So, if you need support, it’s not generally there within the industry, but within the Builders Mentoring Program, there’s an amazing amount of support. If you’ve got a question you don’t quite understand or you’ve got a circumstance you can’t quite deal with, (a) you’ve got a mentor you can talk to, or (b) you can talk to other builders within the group and that in itself is a revelation because that doesn’t happen in our industry.
We don’t get together and have coffees like a lot of other industries do and talk about the problems within their industries. Knowing that there are other builders who might have great resolutions to their problems just means that you’ve got more access to good information. So, you can be more professional.
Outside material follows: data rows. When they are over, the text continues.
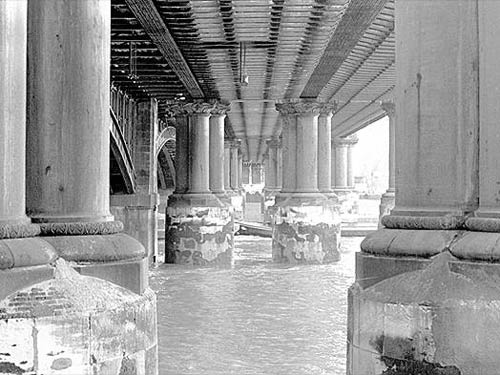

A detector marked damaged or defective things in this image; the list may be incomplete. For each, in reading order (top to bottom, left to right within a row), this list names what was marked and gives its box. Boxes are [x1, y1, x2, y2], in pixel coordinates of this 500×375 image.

rusted metal beam [124, 0, 204, 98]
rusted metal beam [298, 0, 388, 98] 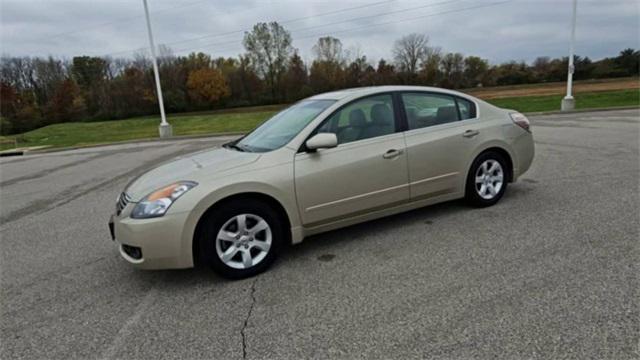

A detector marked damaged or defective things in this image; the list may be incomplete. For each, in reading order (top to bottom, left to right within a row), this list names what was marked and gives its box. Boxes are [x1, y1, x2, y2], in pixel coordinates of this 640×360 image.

cracked asphalt pavement [0, 108, 636, 358] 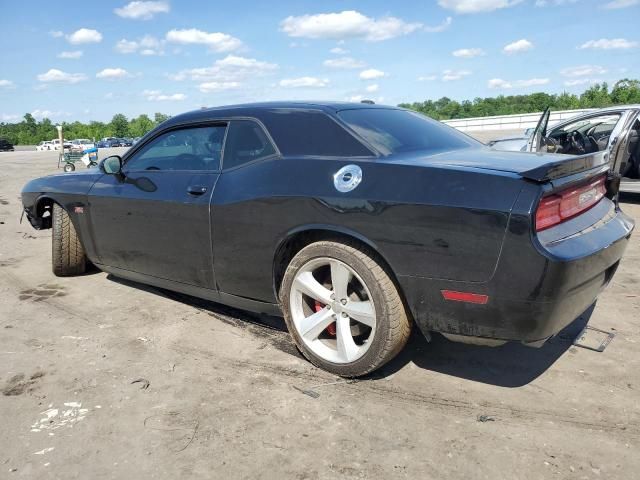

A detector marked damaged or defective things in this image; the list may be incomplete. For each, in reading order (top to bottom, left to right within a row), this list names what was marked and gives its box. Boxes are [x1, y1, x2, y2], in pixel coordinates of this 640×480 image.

damaged vehicle in background [20, 102, 636, 378]
damaged vehicle in background [490, 104, 640, 180] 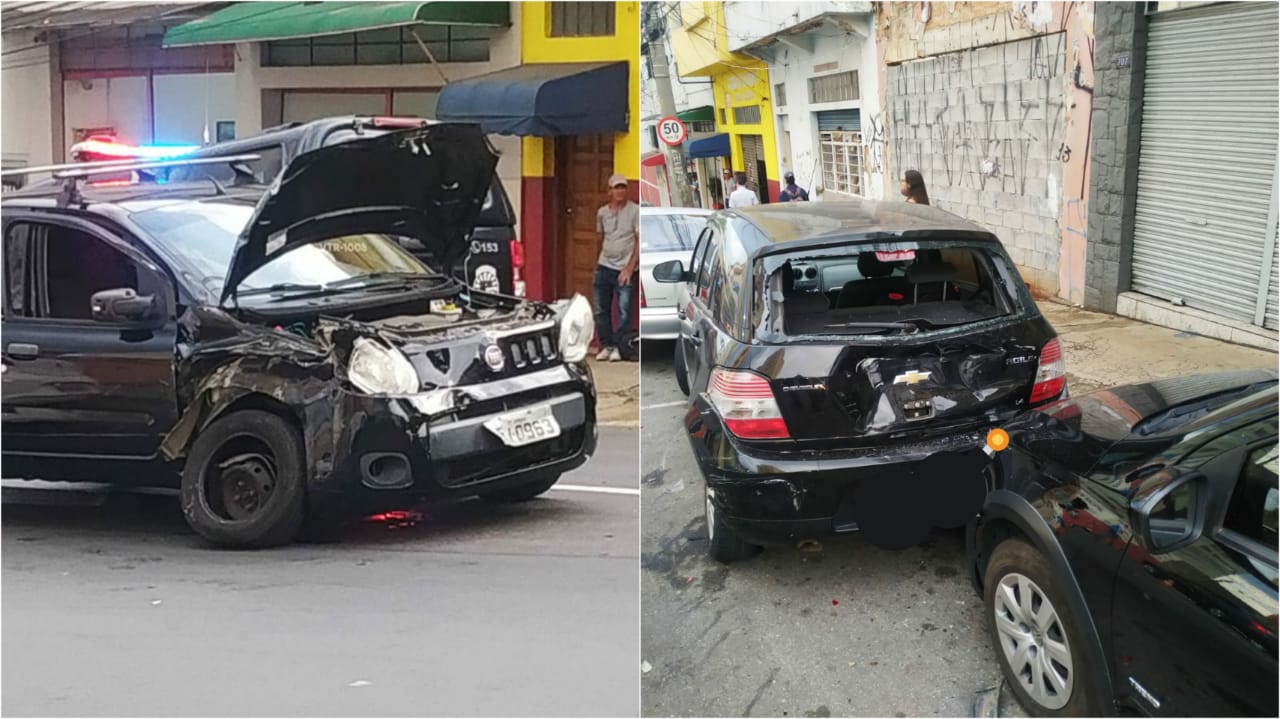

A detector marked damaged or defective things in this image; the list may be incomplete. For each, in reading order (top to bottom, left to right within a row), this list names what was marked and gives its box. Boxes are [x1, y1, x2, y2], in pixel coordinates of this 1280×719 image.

damaged chevrolet agile [1, 126, 600, 548]
damaged black police car [1, 125, 600, 552]
damaged chevrolet agile [656, 201, 1064, 564]
shattered rear window [756, 243, 1024, 342] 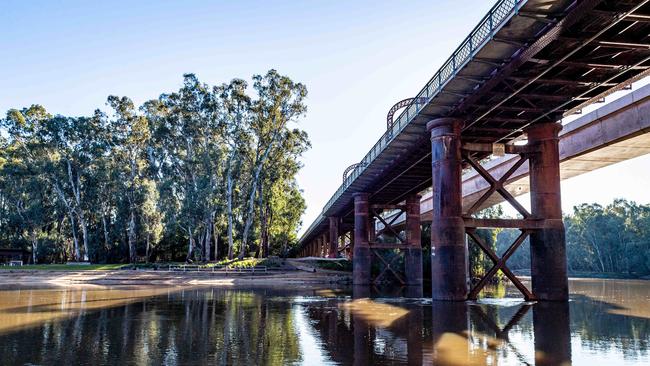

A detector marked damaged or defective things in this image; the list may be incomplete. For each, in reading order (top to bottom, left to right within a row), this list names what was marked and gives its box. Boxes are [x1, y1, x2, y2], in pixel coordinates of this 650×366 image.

Yesterday I got an awful lot out of the MasterMind activity we did. That’s the activity where we get onto the sales process. We started the Mentor Mastermind 12 months ago, but I got a lot out of that one yesterday. It was really helpful. I was probably halfway through, sitting there thinking, “When Helen gets back, we’re going to sit down and watch that video and pause it, and get it right.” I said, “Let’s start nutting this out. I reckon that’s going to add at least another 20% to our bottom line.”.
We’ve been talking about different things such as trips for site visits and one of the things I was interested in yesterday was looking at that $197 for a site visit, then not making a sale. But what I found interesting was the realisation that it doesn’t hurt to go out. If a customer’s ticked most of the boxes on their checklist, I’ll say, “You know what? I’ll come out, I’ll have a look at the job, I’ll give you some feedback, I’ll give you an idea of the cost.” I’m not going to say your site visit isn’t worth it.
It made me think that there’s a number of clients I’ve worked for who have done that. They’ve ticked enough of the right boxes to make me think it’s worth going out for a site visit. It hasn’t always paid off, but I have had the odd client say, “Okay, what do we need to do to go forward?”.
So, I was sitting there thinking, because I’d made the decision and the reason why I wanted to do yesterday was, that if somebody doesn’t buy that $197-dollar tripwire for a site visit, then I’m not going? However, to actually have that thought, “Well hang on a sec Tom, you’re thinking about this wrong.”. That was really, really interesting.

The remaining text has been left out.